BP has chosen to make the environment its calling card in recent marketing efforts, Burger King has begun its seamless ad assault on NFL fans with its oversized King head, and CBS News has placed all of its innovations behind the Katie Couric mantle.
Politics is no different, as DC-gazing media reports have stated that both sides of the political aisle will have a singular message for the public this election season: conflict in a post 9/11 world. Five years later, as somber memorials dominate today, the 2001 terror attacks remain embedded in the public's thoughts.
As we enter the mid-term election season, Democrats are making the difficulties in Iraq their focal point, while Republicans discuss the nation's struggle against terrorism. Joe Lieberman, now an independent, perhaps is free to touch upon both.
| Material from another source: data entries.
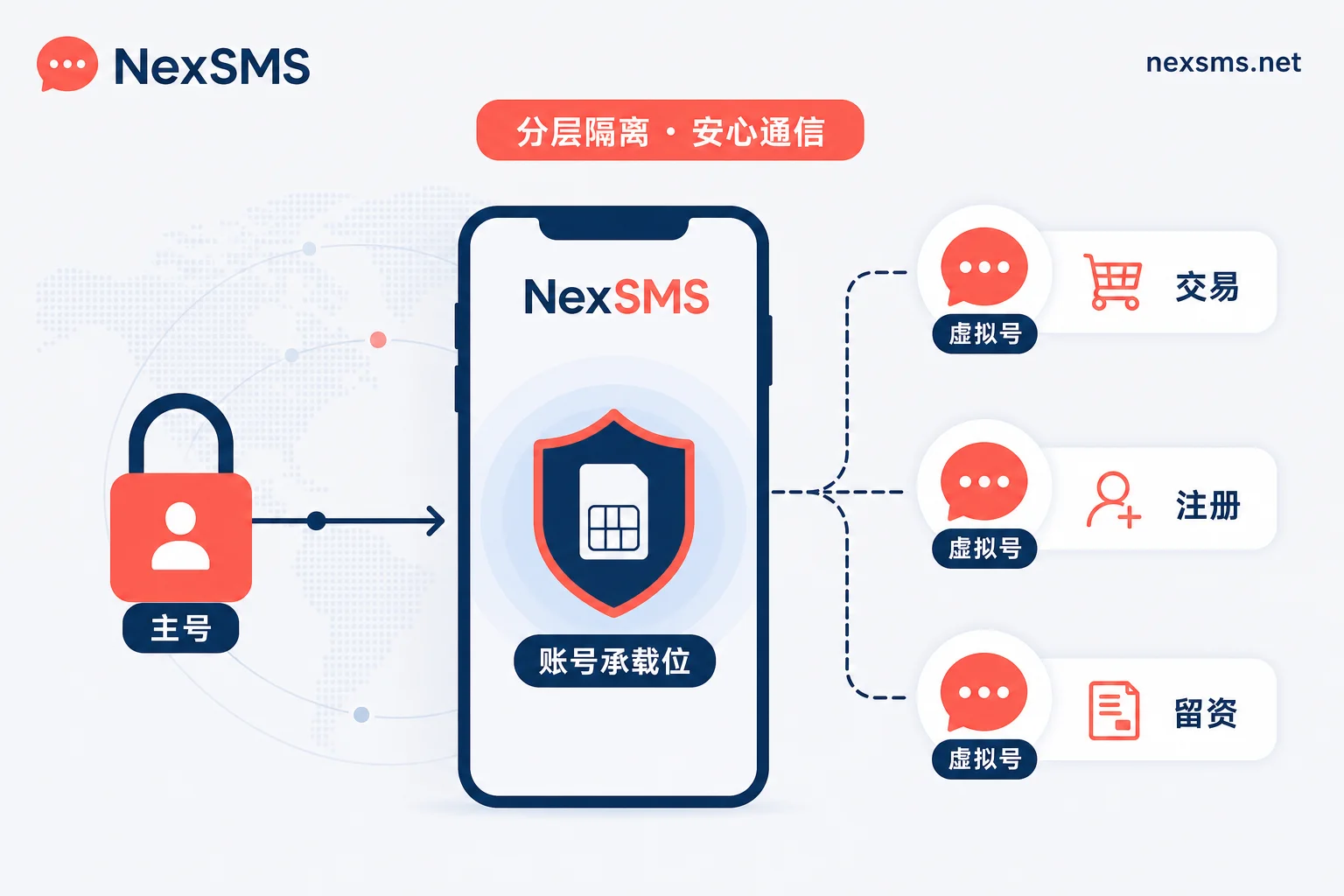 号码暴露位与承载位分层隔离示意图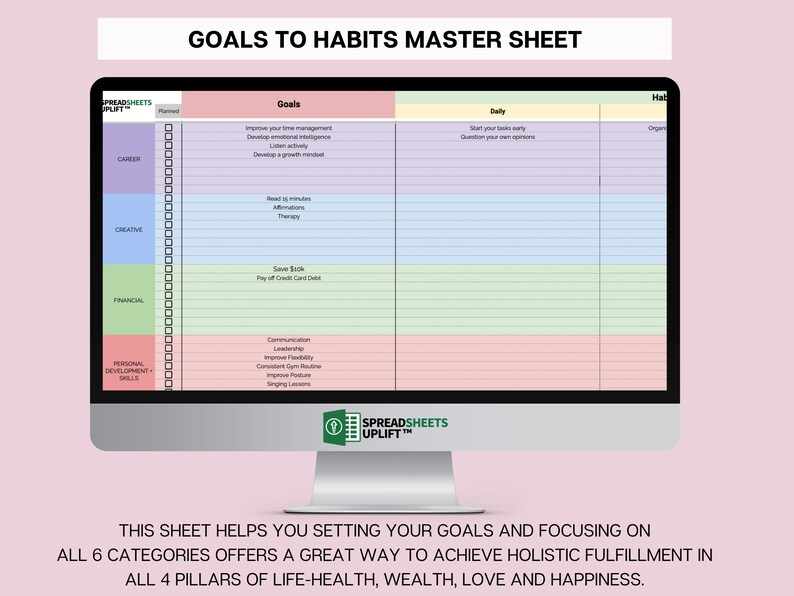 Digital Habit Tracker Google Sheets Template Routine Etsy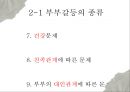 인간간의 갈등,갈등의 종류,갈등해결 방식,부부간의 의사소통,열린대화 9페이지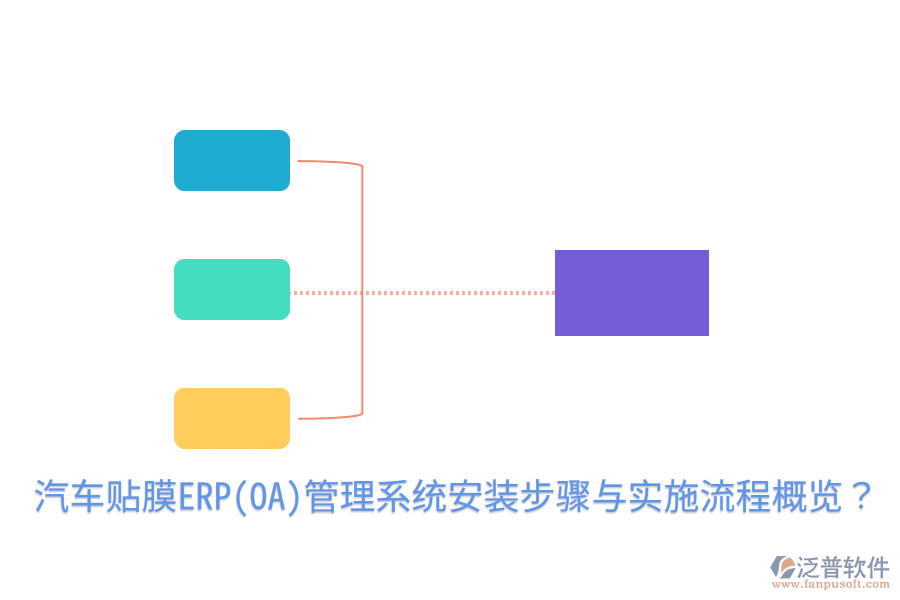  汽車貼膜ERP(OA)管理系統(tǒng)安裝步驟與實(shí)施流程概覽？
While the two parties see the Iraq war as totally different things and any weighty decision like going to war deserves its debate, the public loses if political strategists become derelict in their other communications duties.
It's too easy for communicators to write scripts that pull on the heartstrings, but fail to add substance. It's craven to pen rebuttals that blindly attack without addressing the public's concern. PR advisors must not cave in to providing their pols with weightless sermonizing.
Like the chicken and egg cliché, it's hard to tell if the public is so focused on matters of conflict because it's what politicians seem to always bring up. PR pros must help politicians give the public more than pandering or doom and gloom. How else will people be able to make decisions on where the country should head? Smart communicators will find a way to address concerns by pushing the issues - and America - forward.